La cantante de cumbia seguía su gira demencial por cuanto club o almacén hubiera en el más breve caserío, siempre cantando sus cuentos de desamor con el ritmo tropical que le alzaba la falda desde la cintura angosta. Era como un avecilla que se enfundada de tristeza. Bajaba del automóvil para dar el show y volver al vehículo a dormir y viajar y otro escenario.
Llegaba a un nuevo destino, se dejaba ver con los cabellos rubios mojados de sudor sobre los hombros caídos, la falda arrugada de tanto viaje, el oído aturdido de tanta radio carretera, los tacos innecesarios y sólo en la soledad bebía.
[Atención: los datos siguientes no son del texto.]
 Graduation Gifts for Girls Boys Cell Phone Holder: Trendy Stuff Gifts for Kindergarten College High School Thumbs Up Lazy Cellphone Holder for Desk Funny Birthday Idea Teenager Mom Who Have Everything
Porque en público, su tristeza era angelical como de una quinceañera.
A veces daba con un baño en el que podía estar por media hora y allí bebía, o si el obsceno dueño del almacén la invitaba a su alcoba, o si hacía un trámite en la comisaría y en el hall no había nadie, a veces tras un árbol o debajo de una mesa, miraba para aquí y para allá, desenroscaba la tapa de la petaca que llevaba bajo la falda y bebía.
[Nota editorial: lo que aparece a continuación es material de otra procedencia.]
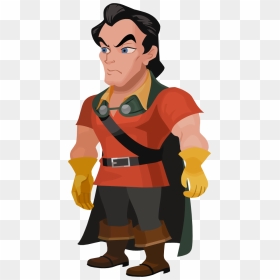 Thumb Image - Kingdom Hearts Beauty And The Beast, HD Png Download - gaston png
O a veces lo hacía sobre el café junto a la espuma de la leche, en el agua de un antibiótico o en la lágrima de un espectador, pero después volvía a esa tristeza de jovencita que tanto gustaba porque ¿qué le andará pasando a esa chinita?, ¿qué dolor como espina se le clavó en el alma apenas desabrochado el guardapolvo?
Claro que hasta que subía al escenario, donde las canciones tropicales revoloteaban como mariposas junto a sus caderas delgadas y toda la tristeza se iba con los cuentos que cantaba con una voz delgada.